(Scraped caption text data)
• • • • • • •

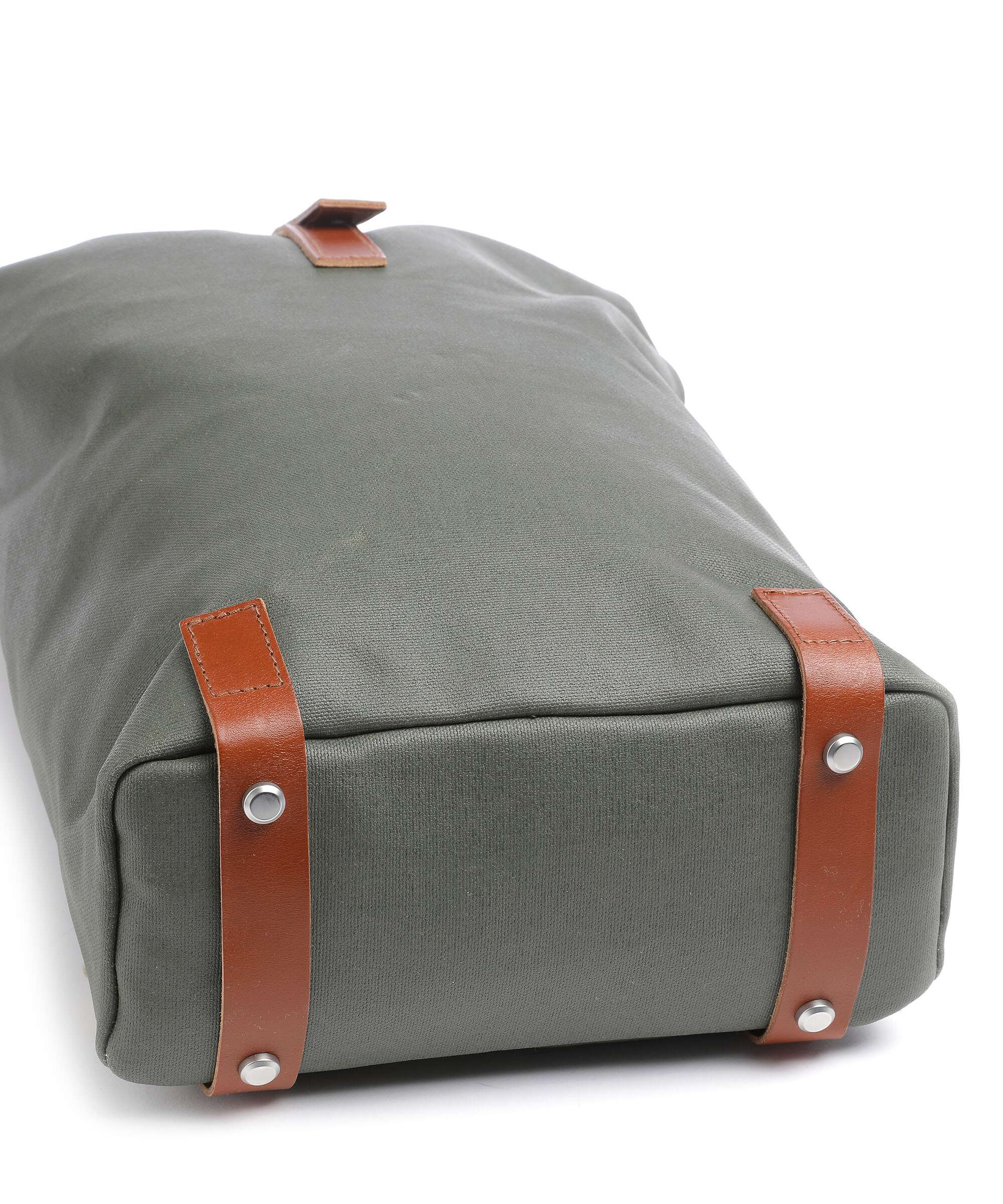 Brooks England Pickwick Cotton Canvas Small Rolltop backpack sage green/honey details - Image 6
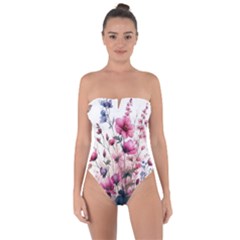 Flora Floral Flower Petal Tie Back One Piece Swimsuit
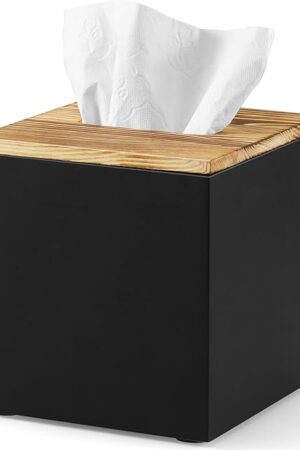 Black Tissue Box Cover Square - Wooden Tissue Box Holder - Decorative Cube Facial Tissue Dispenser for Vanity Toilet Tank Dresser Nights Stand Kitchen Table Office Countertop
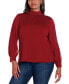 ფოტო #1 პროდუქტის Black Label Plus Size Clip-Dot Chiffon Sleeve Knit Blouse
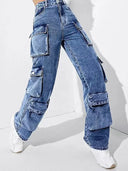 Yüksek Bel Denim Kargo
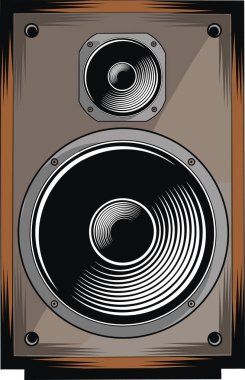 Görünür diyafram ve akustik öğelere sahip Retro hoparlör, müzik ve sesle ilgili temalar için ideal.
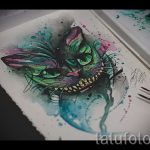 A cheshire macska tetoválási vázlatának eredeti változata - használható tetováló cheshire macska akvarellhez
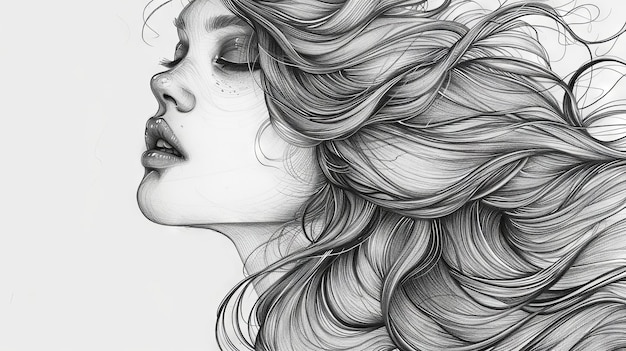 El elegante perfil de una mujer joven con el cabello fluido en un boceto monocromático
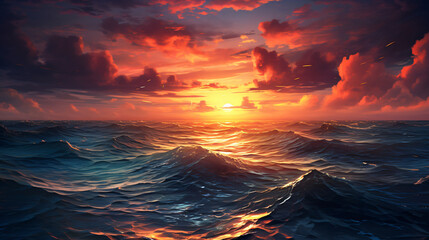 Gorgeous dawn over the ocean.
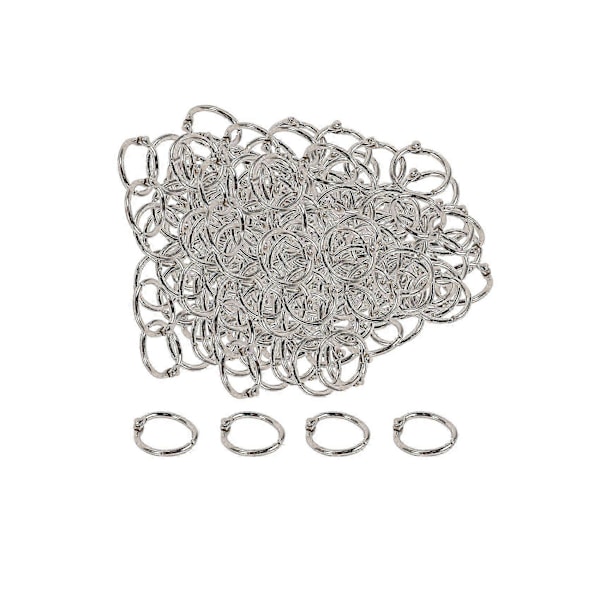 100 stk. 19 mm Løse Blads Ringe Nøgleringe Bogringe Ringe til Scrapbog/Album/Håndværk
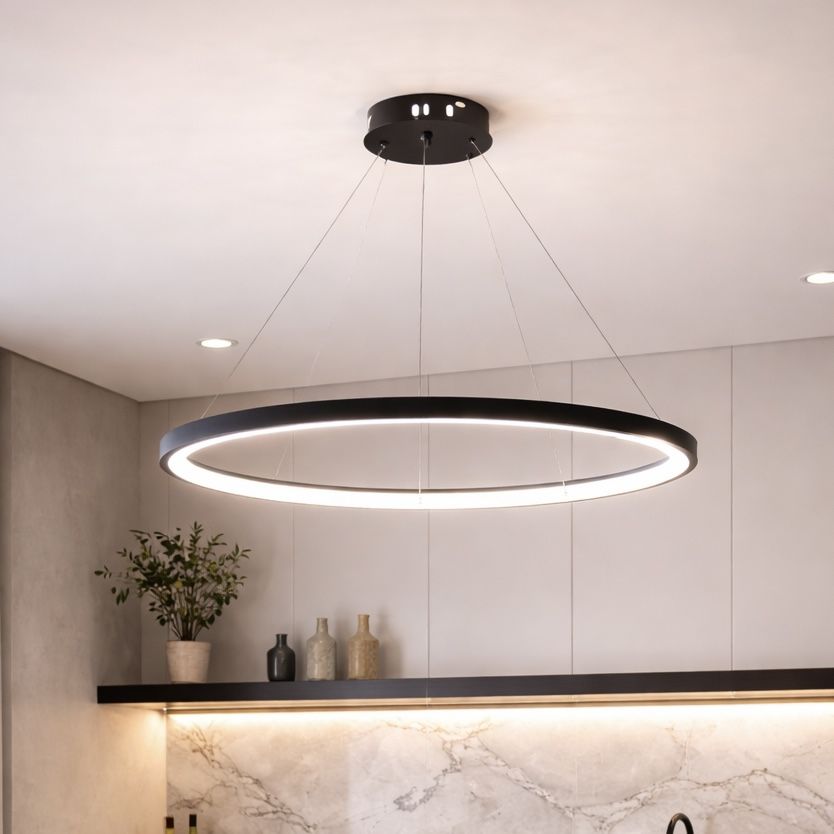Світлодіодна підвісна Led люстра чорно кільце 80 см Minimalist Ring 7529832-1 BLACK LED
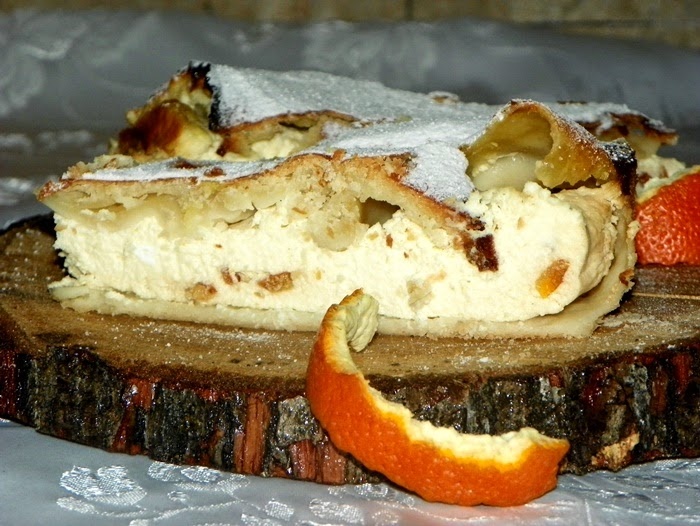 Placinta cu branza dulce si coaja de portocala confiata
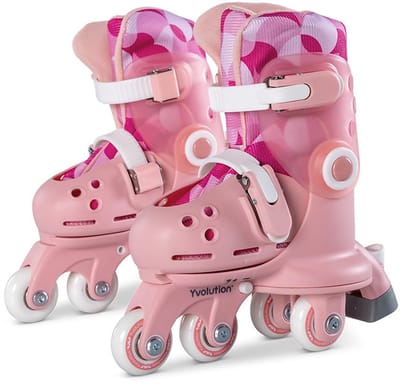 Yvolution - Twista Skates - Roze - Verstelbare kinderskeelers - Van rolschaats naar skates - Maat 30 - 34
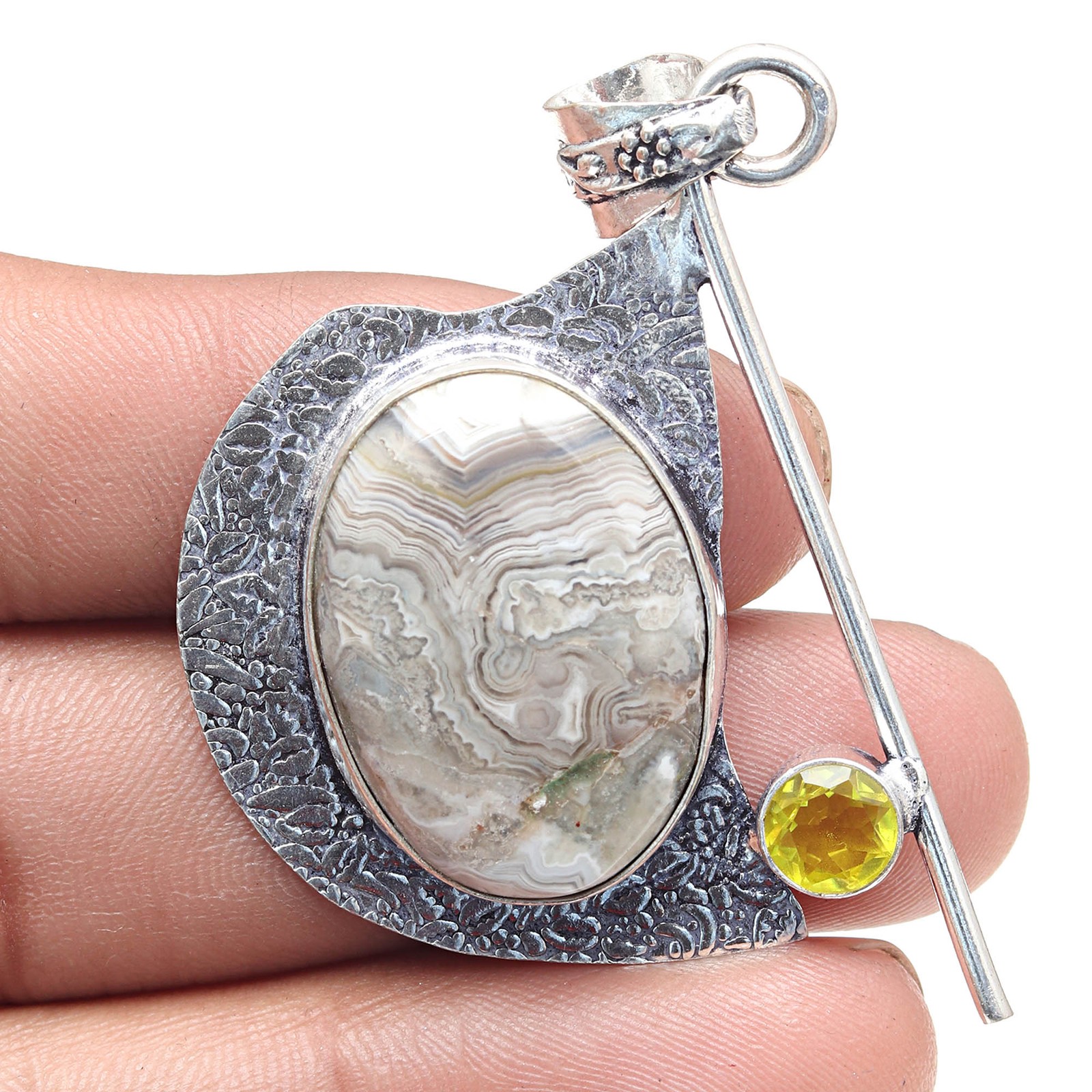 Crazy Lace Agate Citrine Quartz Pendant Handmade Sterling Silver Jewelry 2.25 Inch  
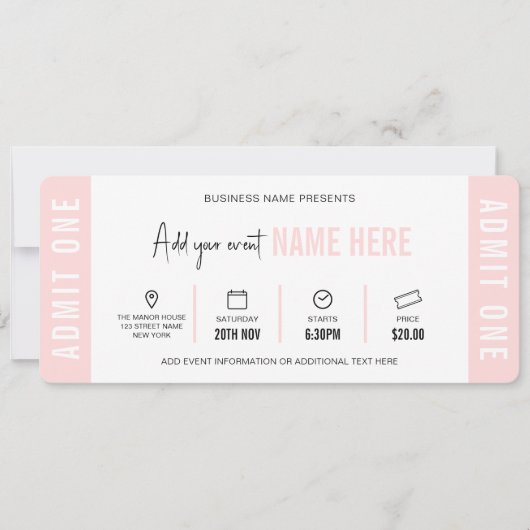Feminine Modern Event Ticket Company Gift Voucher Einladung (Vorderseite)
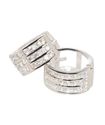 Small Huggie Earrings CZ Cubic Zirconia 3 Row .925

• • • • • • •

■ **Directions for this task**
In the copy, include exactly the lines from the one with "Flora Floral Flower" through the final line of the data, both ends included, and no pictures.

■ **Solution to this task**
 Flora Floral Flower Petal Tie Back One Piece Swimsuit
 Black Tissue Box Cover Square - Wooden Tissue Box Holder - Decorative Cube Facial Tissue Dispenser for Vanity Toilet Tank Dresser Nights Stand Kitchen Table Office Countertop
 ფოტო #1 პროდუქტის Black Label Plus Size Clip-Dot Chiffon Sleeve Knit Blouse
 Yüksek Bel Denim Kargo
 Görünür diyafram ve akustik öğelere sahip Retro hoparlör, müzik ve sesle ilgili temalar için ideal.
 A cheshire macska tetoválási vázlatának eredeti változata - használható tetováló cheshire macska akvarellhez
 El elegante perfil de una mujer joven con el cabello fluido en un boceto monocromático
 Gorgeous dawn over the ocean.
 100 stk. 19 mm Løse Blads Ringe Nøgleringe Bogringe Ringe til Scrapbog/Album/Håndværk
Світлодіодна підвісна Led люстра чорно кільце 80 см Minimalist Ring 7529832-1 BLACK LED
 Placinta cu branza dulce si coaja de portocala confiata
 Yvolution - Twista Skates - Roze - Verstelbare kinderskeelers - Van rolschaats naar skates - Maat 30 - 34
 Crazy Lace Agate Citrine Quartz Pendant Handmade Sterling Silver Jewelry 2.25 Inch  
Feminine Modern Event Ticket Company Gift Voucher Einladung (Vorderseite)
 Small Huggie Earrings CZ Cubic Zirconia 3 Row .925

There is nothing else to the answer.